By: Julio Perera on August 21st, 2024
MAS deployment series: Configuring Kafka Queues in MAS Manage
This is a continuation of our series of blogs about deployment of MAS. In this case, we are going to describe how to configure Kafka Topics as Queues in MAS Manage. In general, the configurations are described in the following URL: https://www.ibm.com/docs/en/mas-cd/maximo-manage/continuous-delivery?topic=applications-integration-apache-kafka. There is an assumption that the Kafka Server has been already installed and it is working in OpenShift. Currently the installation supports both AMQ Streams or Strimzi operators, although we prefer Strimzi as it doesn’t require a license.
It is also worthwhile to note that there are other alternatives to Kafka Queues for integration messages in Manage, namely to use JMS via deployment of the related Server Bundle and post-deployment configuration as described in https://www.ibm.com/docs/en/mas-cd/maximo-manage/continuous-delivery?topic=servers-configuring-jms-maximo-managemaximo-health. In general, JMS will perform better, but taking into consideration the amount of resources it consumes as well as the added complexity around deploying, configuring and maintaining the JMS solution then we wanted to provide a Kafka approach as well. Kafka can be scaled using multiple Partitions per Topic and as many Kafka replicas as needed to get to the desired message throughput. Also, Kafka is required for Monitor (and IoT) which creates and uses several Kafka Topics and therefore, it is a little more future proof than JMS in that regard.

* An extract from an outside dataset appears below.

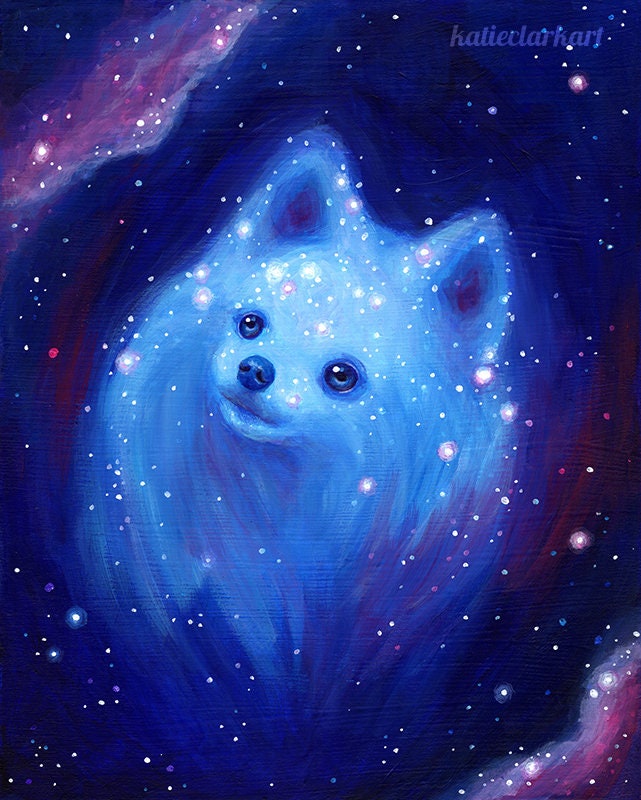 Galaxy Pomeranian Art Print - Blue Dog Painting Pet Portrait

Also, the documentation presented here is updated at the time of its released where the latest MAS Manage version is 9.0.43. Considering in the past the Manage side of the Kafka consumer implementation has changed, there is no guarantee that it won’t change again in the future.
The first step before start creating and configuring the Kafka Topics, is to size them based on the expected volume of messages that are going to be processed. In that regard, consuming simultaneously from the same Kafka Topic in multiple threads is accomplished by configuring more than one Partition in the Topic. Therefore, for Continuous Queues such as CQIN backed by Kafka Topics we recommend a minimum of 3 partitions, but more may need to be configured if messaging volume / throughput is high enough to warrant it. Also notice that the number of partitions will also impact the number of Replicas for the Kafka Cluster pods as more replicas may be required to host more partitions in case the existing replicas get overwhelmed. To make the number of replicas higher, we could go into the Kafka CRD instance for our Kafka Cluster and modify the number of Brokers to more than 3 (which is the default for non SNO deployments) as needed. See the below screenshots for details:
The number of Kafka Brokers as per above will also allow to specify a higher Replication Factor in each queue, see below for details.
To create the actual Topics that are going to host the integration messages, we need to first consider how many Manage Queues we need (as and above, how many Partitions per each).
Below are the standard Queues for a typical Manage installation:
apiVersion: kafka.strimzi.io/v1beta2
kind: KafkaTopic
metadata:
name: p01-manage-cqin
namespace: common-kafka
labels:
strimzi.io/cluster: kafka-cluster
spec:
config:
retention.ms: 604800000
segment.bytes: 10485760
partitions: 3
replicas: 3
The above is a sample Kafka Topic definition, where the following can (and should) be adjusted as needed:
- name: Set to the name of the Topic as per the above naming convention. There can be only one Topic by that name in the Kafka Cluster. This name is what we use in Maximo Manage to refer to the Topic.
- namespace: The Namespace/Project where the Kafka server is installed.
- strimzi.io/cluster: The Kafka Cluster Name that was installed as a pre-requisite.
- retention.ms: The number of milliseconds each Message/Post will last in the server. This is the only parameter that affects how much messages last and are stored in the Topic. There is no API or any other ways of removing individual messages from a Topic and they are removed when they expire. In our case, we are using “604800000” as an example, which means “7 days” or “a week”. Higher message retention means messages will be kept for longer times on the underlying storage but it also risks deletion of unconsumed messages if there is a problem with the queue and messages are not being consumed and the retention period passes. Which is especially important for Sequential Queues where the Queue stops on error. Therefore, whatever the value there is a tradeoff of space used vs. longevity and periodic monitoring is required.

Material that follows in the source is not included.